[Tfug] Poor NFS write performance with Linux

Fri Jan 6 02:40:31 MST 2012

I'm looking for some tips and suggestions to improve the dismal
performance I am currently seeing with NFSv4 writes.

This setup is at home between my desktop PC and my file/Myth server.
As far as I can tell, everything is operating correctly from a
hardware perspective.  The machines are on a gigabit Ethernet network,
both are using the same 64bit Linux 3.1.5 kernel, and both are running
Debian.  The desktop PC is configured with XFS file systems on LVM on
encryption on non-Linux software RAID-0.  The file server is similar
with XFS file systems on LVM on encryption on Linux software RAID-5.

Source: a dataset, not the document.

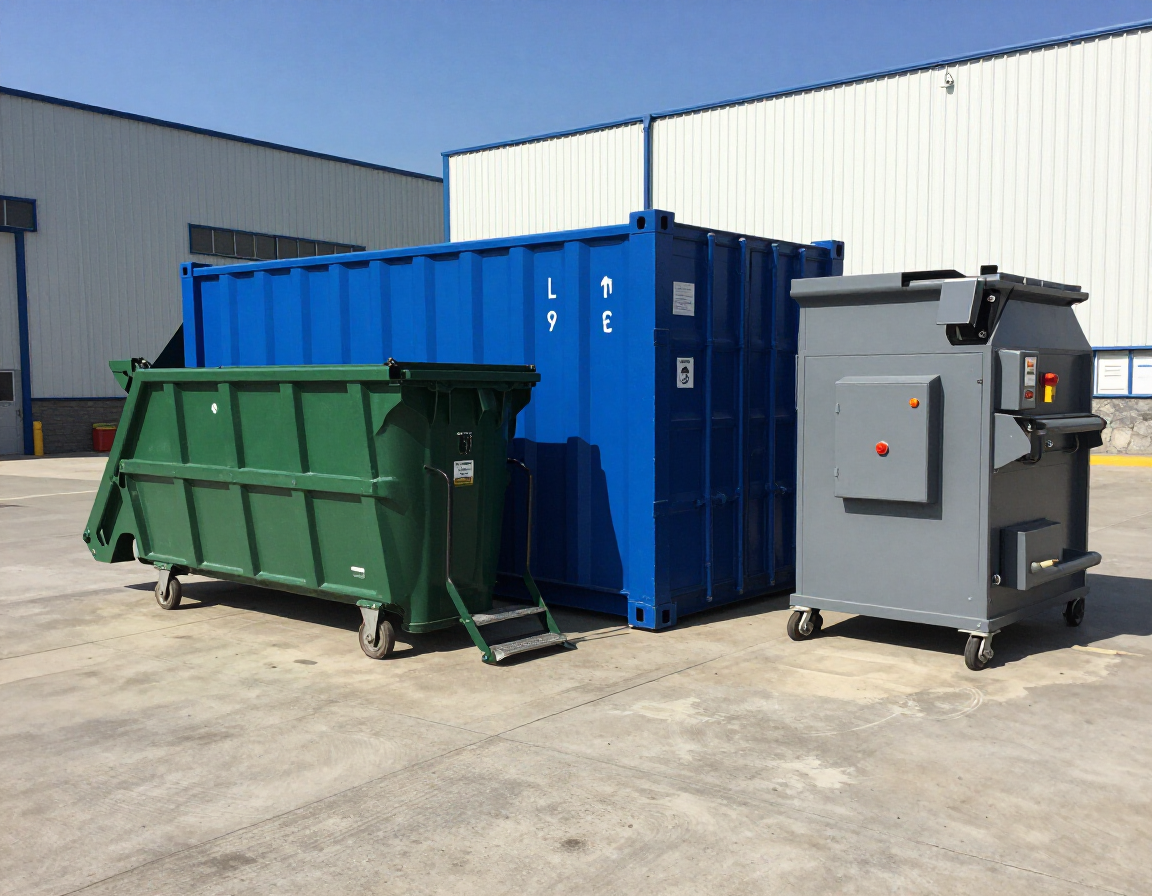 Commercial waste and recycling equipment at a retail property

NFS read performance is not super, though I could live with it.  NFS
write performance, however, is truly abysmal.  I've run some simple
read/write throughput and timing tests between the machines and I
think they show enough to rule out LVM, encryption, and RAID as
culprits.  The tests were done with two data sets: a single 160 MB
file and an 18 MB directory tree containing 920 files and directories.
 I ran each test five times and averaged, but as these were simple
tests I did not do anything to factor out the cache except by doing
multiple runs.  The one exception is the large file NFS copy from the
server to the desktop computer where I did have to fool the I/O layer
into giving me fresh data each time, otherwise the test was cache
dominated and meaningless.  In the tests, "TO remote" is a transfer
from my desktop machine to the server, and "FROM remote" is a transfer
from the server to my desktop machine, and all commands were executed
on the desktop machine.  For comparison, along with NFS I/O I also
timed FTP and scp transfers.  Times were acquired with the external
'time' utility, not the bash built-in version.  Here is the data
(rates are given as megabytes/second):

Copy 160.79 MB single file TO remote
FTP     108.3600 MB/s
scp      58.5560 MB/s
NFS cp   32.2751 MB/s

Copy 160.79 MB single file FROM remote
FTP     109.3809 MB/s
scp      55.3684 MB/s
NFS cp   77.6763 MB/s

Copy 17.84 MB tree (920 files and directories) TO remote
FTP       9.1206 MB/s
scp       2.5551 MB/s
NFS cp    0.2052 MB/s

Copy 17.84 MB tree (920 files and directories) FROM remote
FTP       8.1017 MB/s
scp       8.4710 MB/s
NFS cp   16.8056 MB/s

Delete 17.84 MB tree (920 files and directories) on remote
NFS rm -r   16.18 seconds

The write performance when copying the directory tree to the server is
the most telling.  That test took about 87 seconds on average to
perform.  The time elapsed to delete that same tree with 'rm -r' was
also extremely long, especially when that same operation, when done
locally, is finished in a fraction of a second.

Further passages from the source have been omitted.